Jed Devine was born in Mount Kisco, NY in 1944, and received an MFA from Yale in 1972. Originally trained as a painter, Devine began taking photographs in 1972 and became fascinated by the effects of light on objects and surfaces, and the sensuality that was possible with the platinum-palladium process.
This sensuality is on full display in Devine’s only book, Friendship, a collaboration with the writer Jim Dinsmore, whose sixty-four images “form an extended sequence that moves from innocence to decay and return. The images emphasize the beauty and primacy of light while capturing the visual drama and irony of the Maine landscape.”
Devine also has a long-standing relationship with New York City, which is most evident in his portfolio of panoramic photographs celebrating New York bridges, which, though printed on a small scale, still capture the grandeur of the monumental structures spanning the Hudson and East Rivers. These historic images exist in dialogue with The Bethesda Terrace, which showcases the well-frequented romantic spot in the middle of Central Park. Devine was awarded a John Simon Guggenheim Memorial Fellowship for The Bethesda Terrace in 1985.
When Devine developed problems with his balance as a result of inner-ear issues, he switched to smaller cameras and ultimately to digital. The artist describes this forced change of format as a “disguised blessing”: “Everything was new again. More spontaneous, more flexible, more surprising.” His most recent exhibition featured layers of imagery—art books and postcards, batteries, rubber bands, dice, and hard-boiled eggs on breakfast tables—that provide a diary of domestic activities as well as a library of the images that have defined the artist’s sensibility.
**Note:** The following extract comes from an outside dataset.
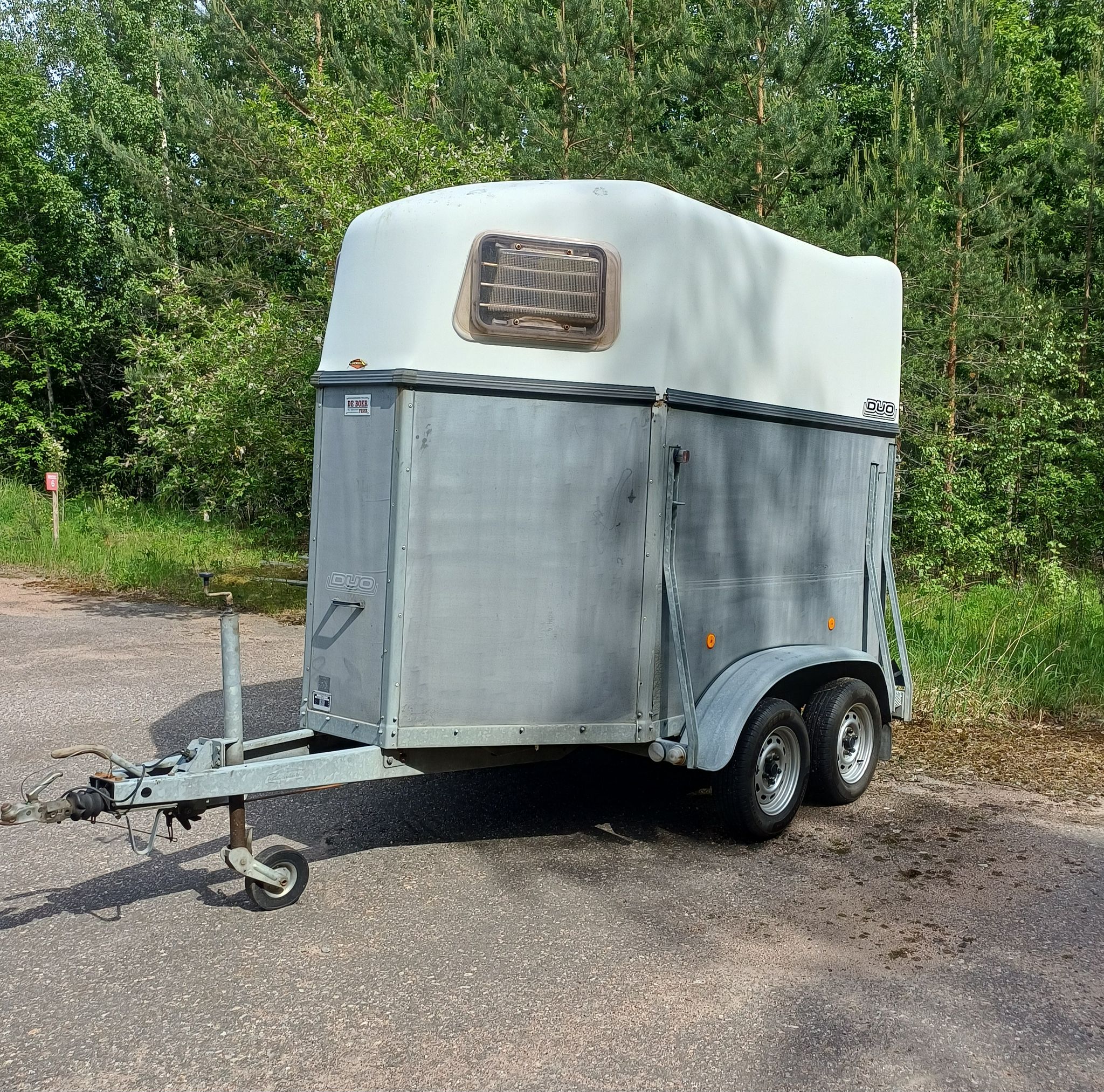 Image 3/6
The resulting eclectic collages veer gently into the realm of abstraction; at once concrete and elusive, they are, in the artist’s words, “wildly gregarious, and when they get together they often surprise with unexpected connections.”
Devine’s photographs are in the collection of the Metropolitan Museum, New York; The Museum of Modern Art, New York; The San Francisco Museum of Art, San Francisco; The Art Institute of Chicago, Chicago; and The Victoria and Albert Museum, London.